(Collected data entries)
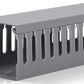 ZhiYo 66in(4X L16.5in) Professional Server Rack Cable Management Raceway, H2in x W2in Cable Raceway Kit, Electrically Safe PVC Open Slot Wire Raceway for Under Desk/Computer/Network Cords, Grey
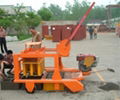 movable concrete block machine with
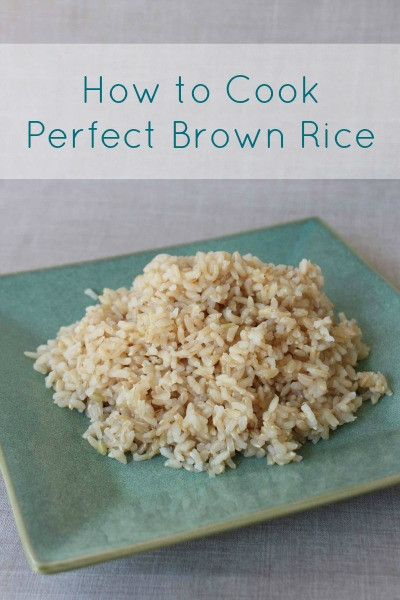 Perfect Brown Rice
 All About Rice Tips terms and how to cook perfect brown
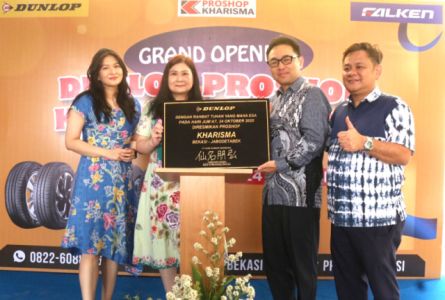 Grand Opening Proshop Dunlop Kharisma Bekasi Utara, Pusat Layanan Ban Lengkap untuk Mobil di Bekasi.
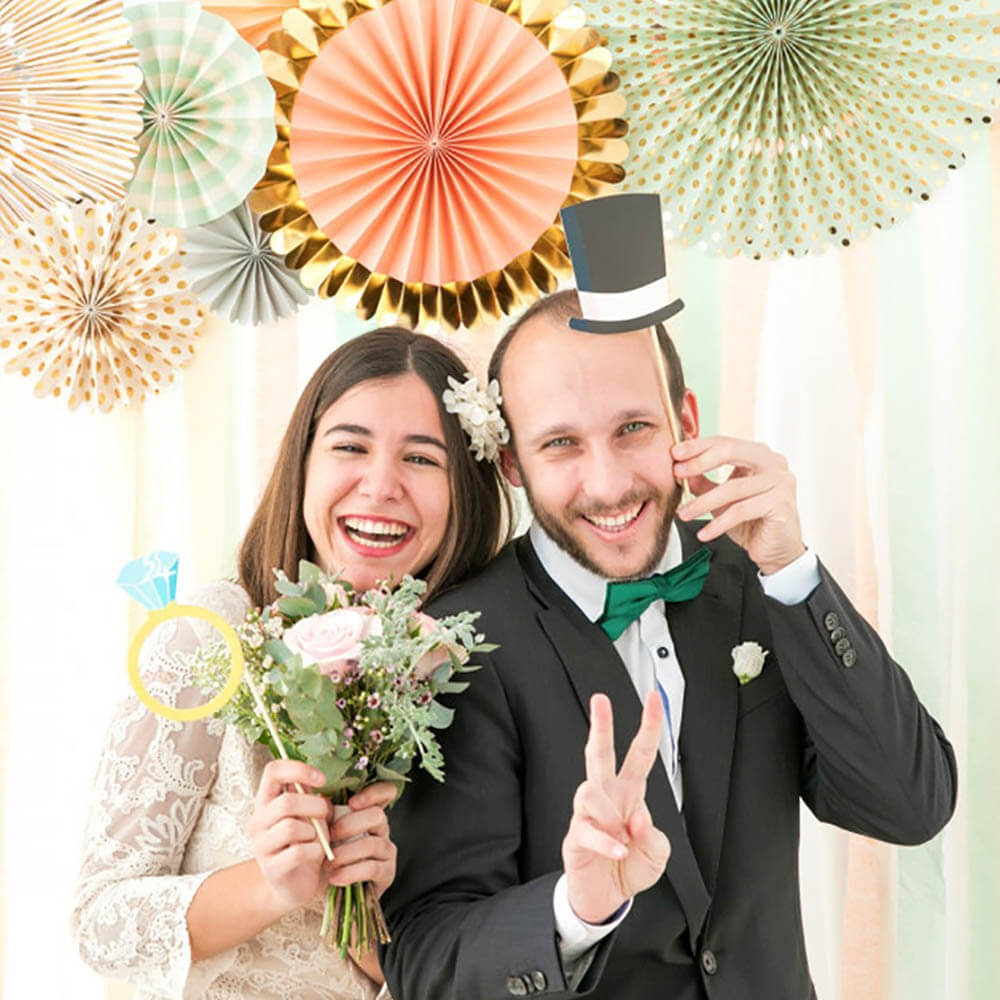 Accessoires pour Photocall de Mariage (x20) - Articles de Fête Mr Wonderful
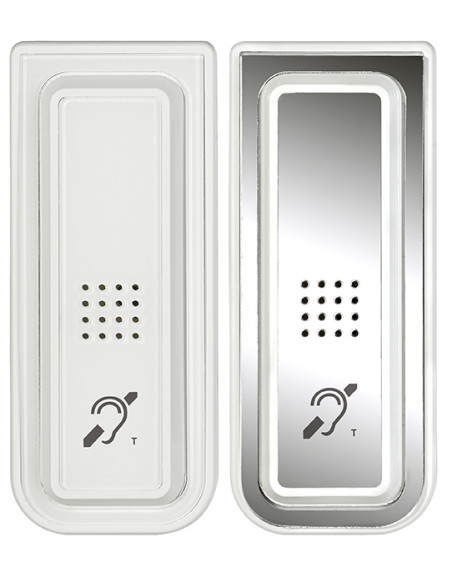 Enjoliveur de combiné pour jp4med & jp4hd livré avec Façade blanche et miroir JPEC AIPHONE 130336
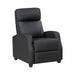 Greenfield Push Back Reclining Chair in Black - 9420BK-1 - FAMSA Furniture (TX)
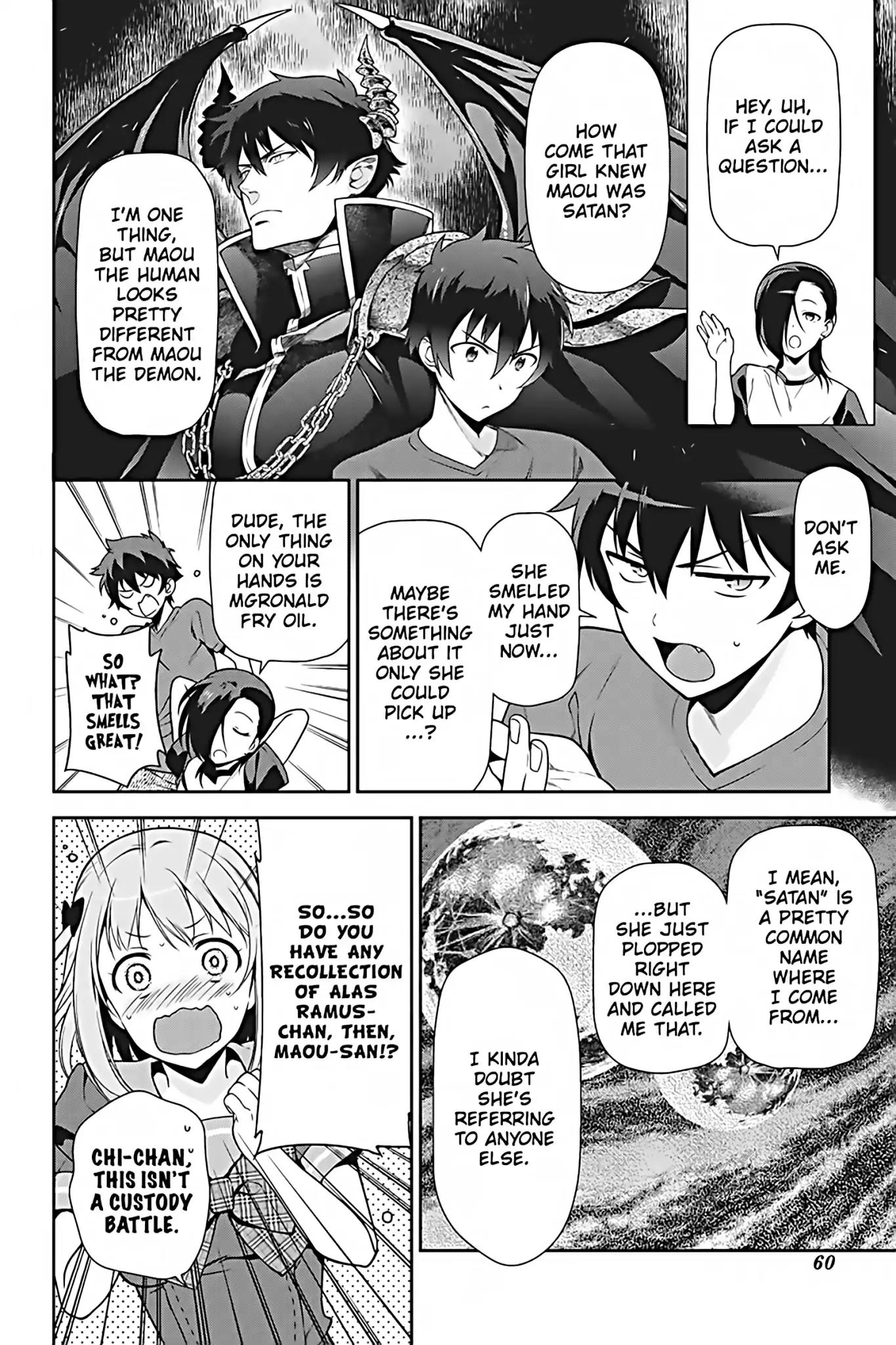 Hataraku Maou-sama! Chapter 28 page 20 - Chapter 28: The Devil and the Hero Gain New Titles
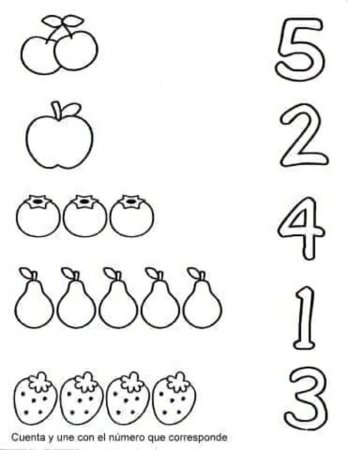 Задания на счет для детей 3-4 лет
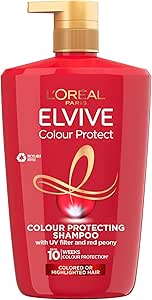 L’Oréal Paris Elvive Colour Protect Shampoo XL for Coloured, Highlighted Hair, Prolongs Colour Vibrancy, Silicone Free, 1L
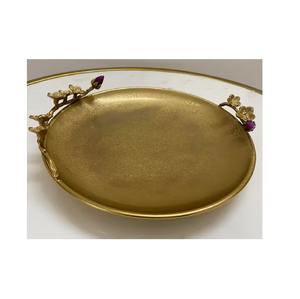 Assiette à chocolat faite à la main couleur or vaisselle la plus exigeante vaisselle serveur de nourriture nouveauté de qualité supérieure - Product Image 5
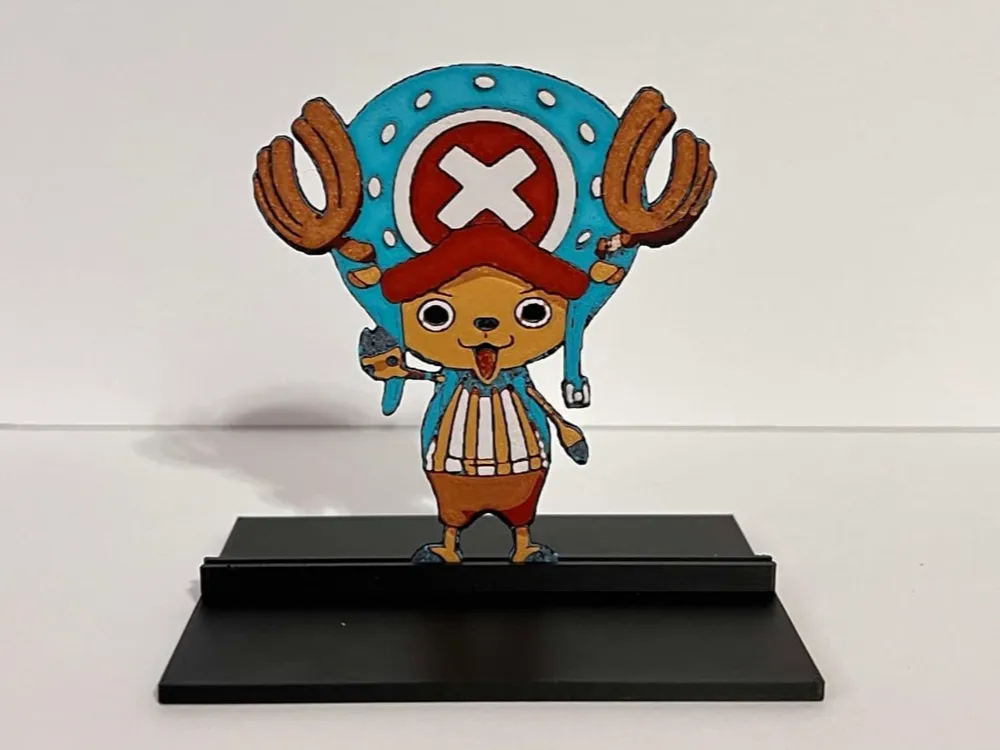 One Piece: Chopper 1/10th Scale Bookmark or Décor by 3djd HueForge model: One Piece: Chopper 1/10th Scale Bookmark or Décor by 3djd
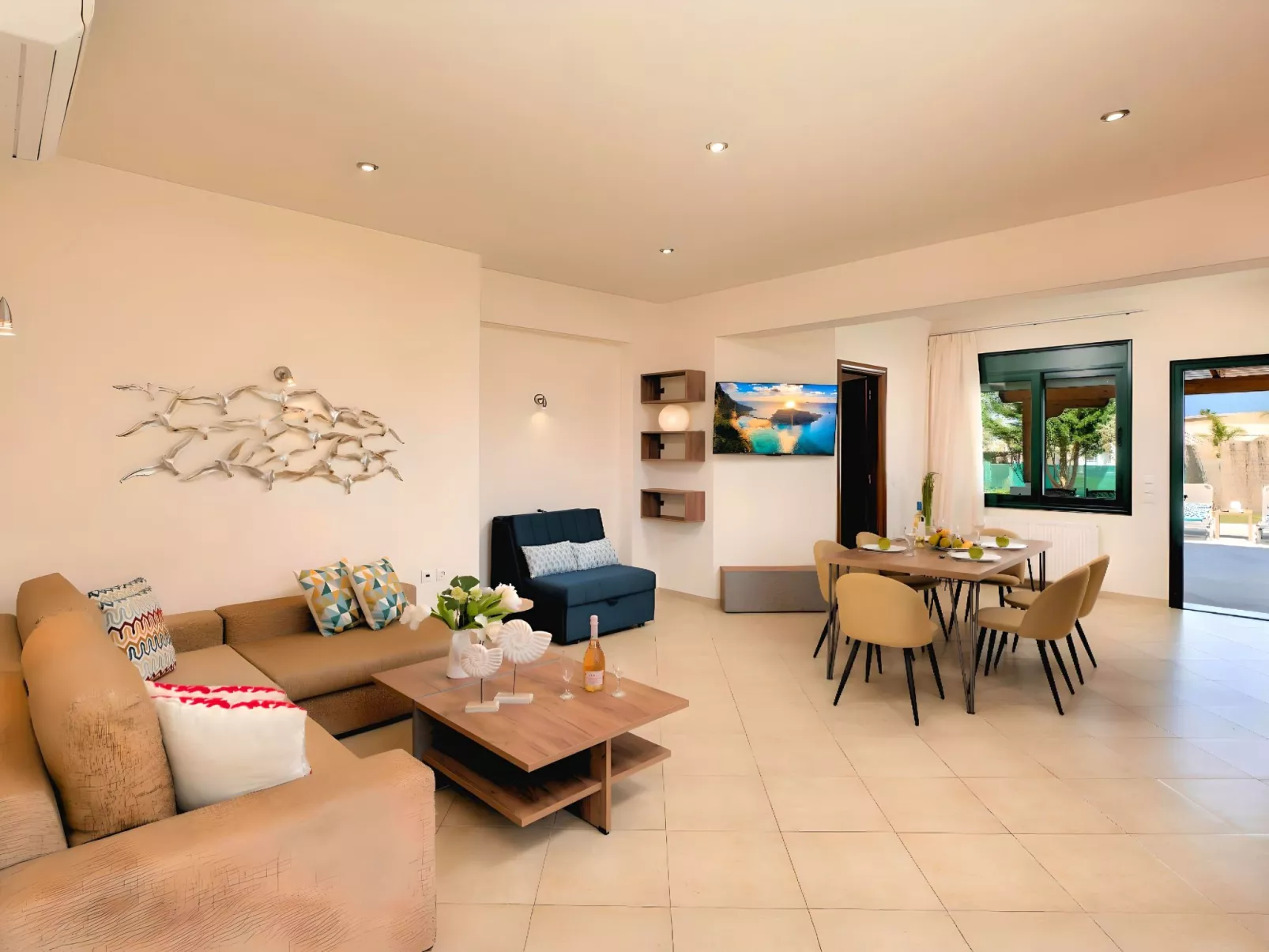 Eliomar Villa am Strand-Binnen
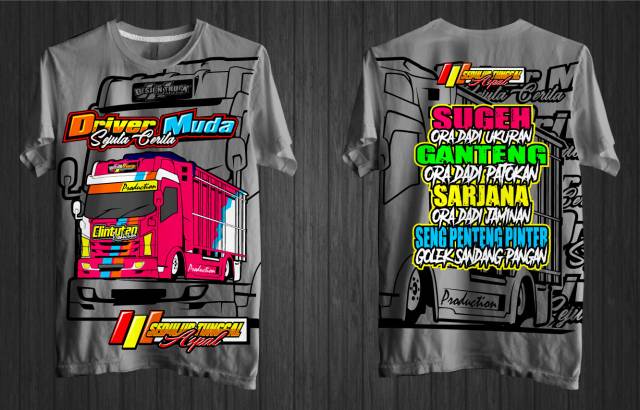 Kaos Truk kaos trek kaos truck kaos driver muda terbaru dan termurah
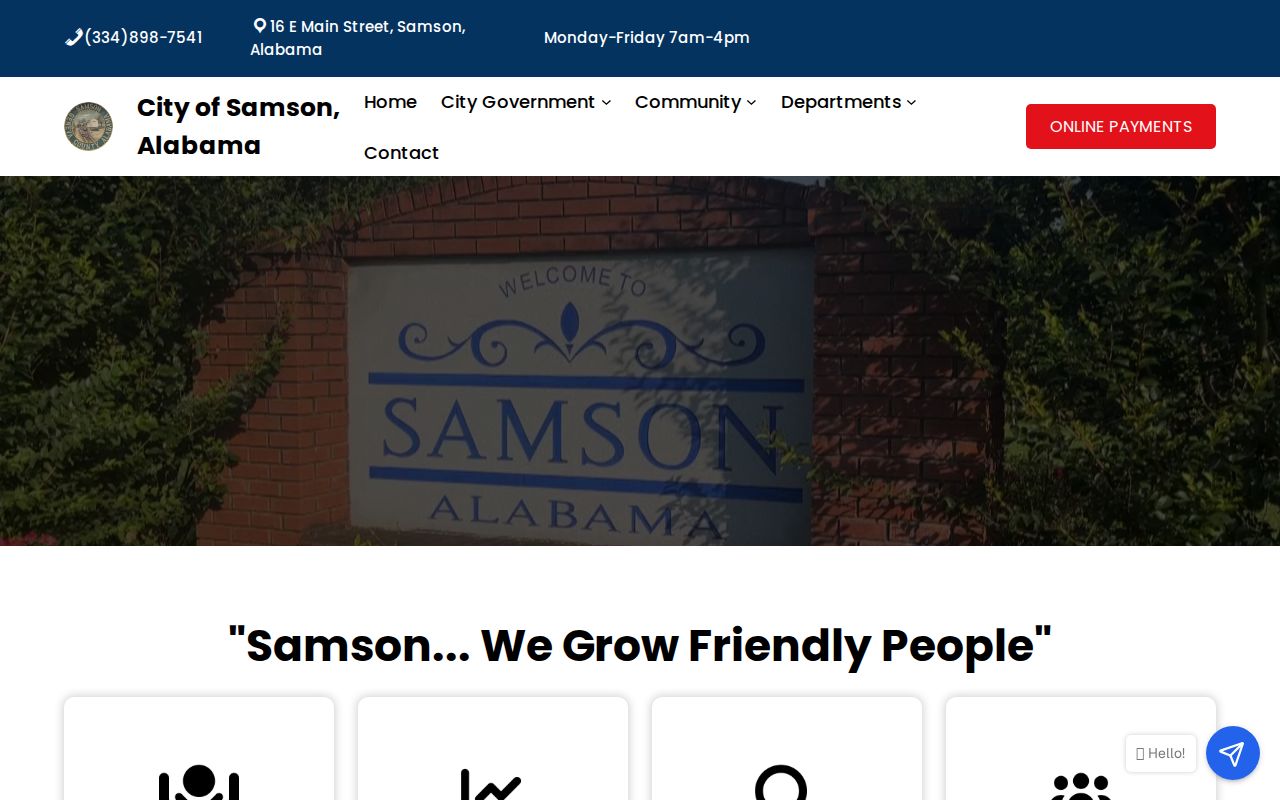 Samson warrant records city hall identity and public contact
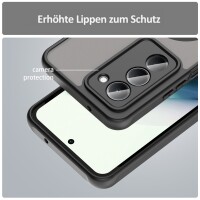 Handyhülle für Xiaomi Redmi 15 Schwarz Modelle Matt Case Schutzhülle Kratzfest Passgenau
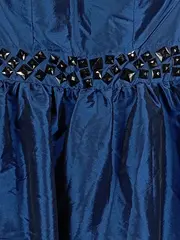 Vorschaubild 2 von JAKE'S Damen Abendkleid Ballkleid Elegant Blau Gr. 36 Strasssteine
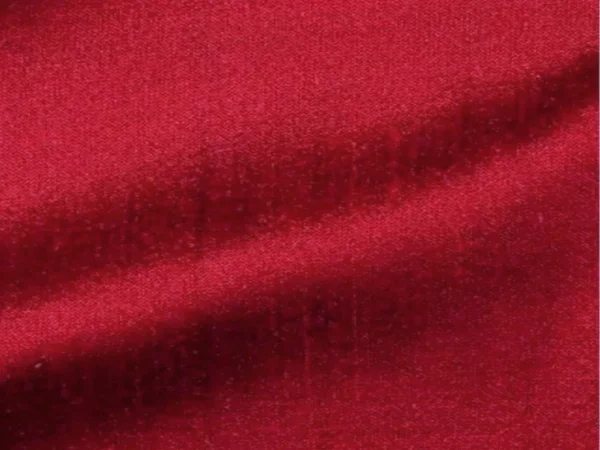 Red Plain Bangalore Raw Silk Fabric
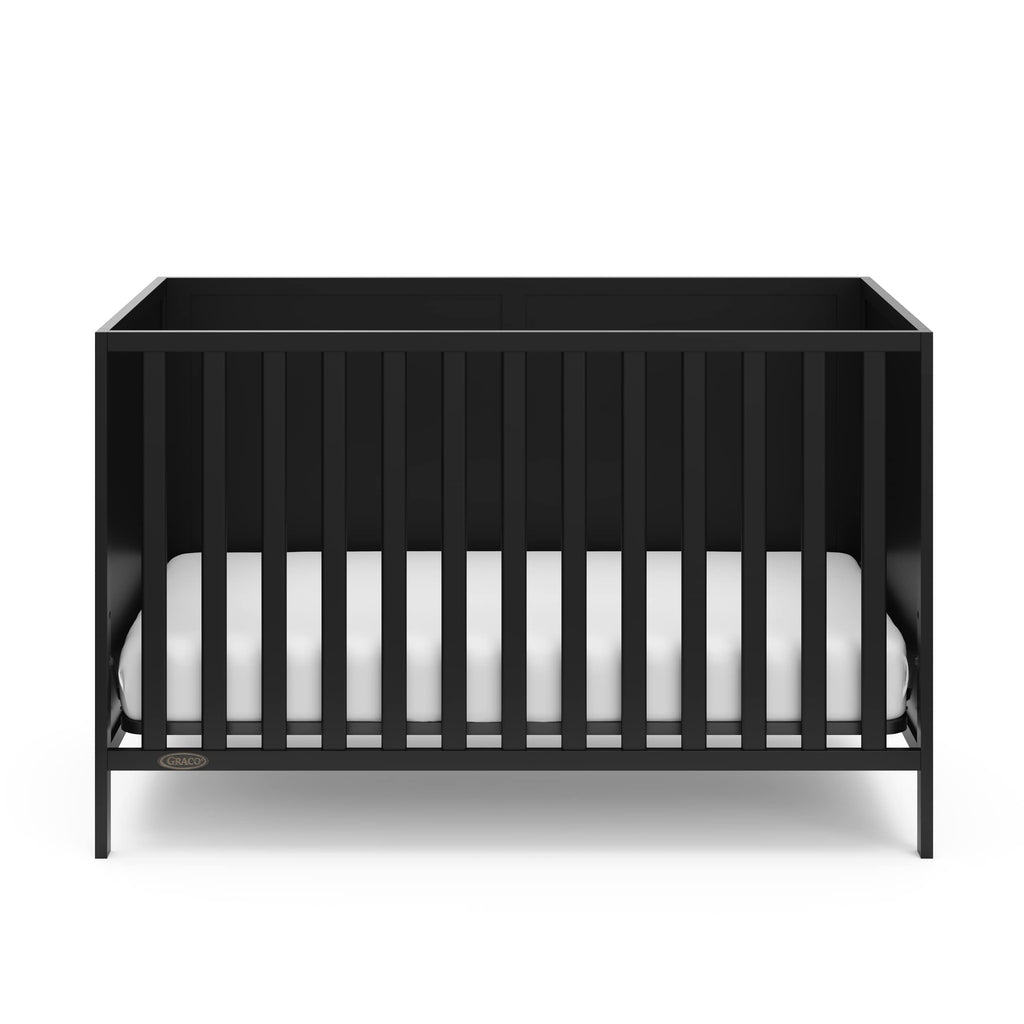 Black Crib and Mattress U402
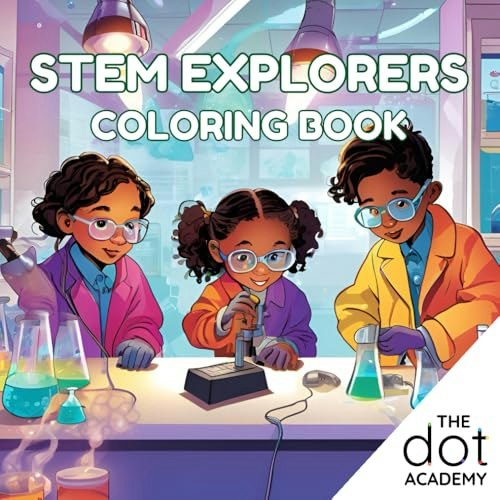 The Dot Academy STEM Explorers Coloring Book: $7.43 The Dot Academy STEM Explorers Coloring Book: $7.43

— TASK BRIEF —
While skipping the pictures, transcribe the data above from the line showing "Enjoliveur de combiné" through the line showing "Hataraku Maou-sama! Chapter", exactly and with both ends.

— RESPONSE FOR THIS EXERCISE —
 Enjoliveur de combiné pour jp4med & jp4hd livré avec Façade blanche et miroir JPEC AIPHONE 130336
 Greenfield Push Back Reclining Chair in Black - 9420BK-1 - FAMSA Furniture (TX)
 Hataraku Maou-sama! Chapter 28 page 20 - Chapter 28: The Devil and the Hero Gain New Titles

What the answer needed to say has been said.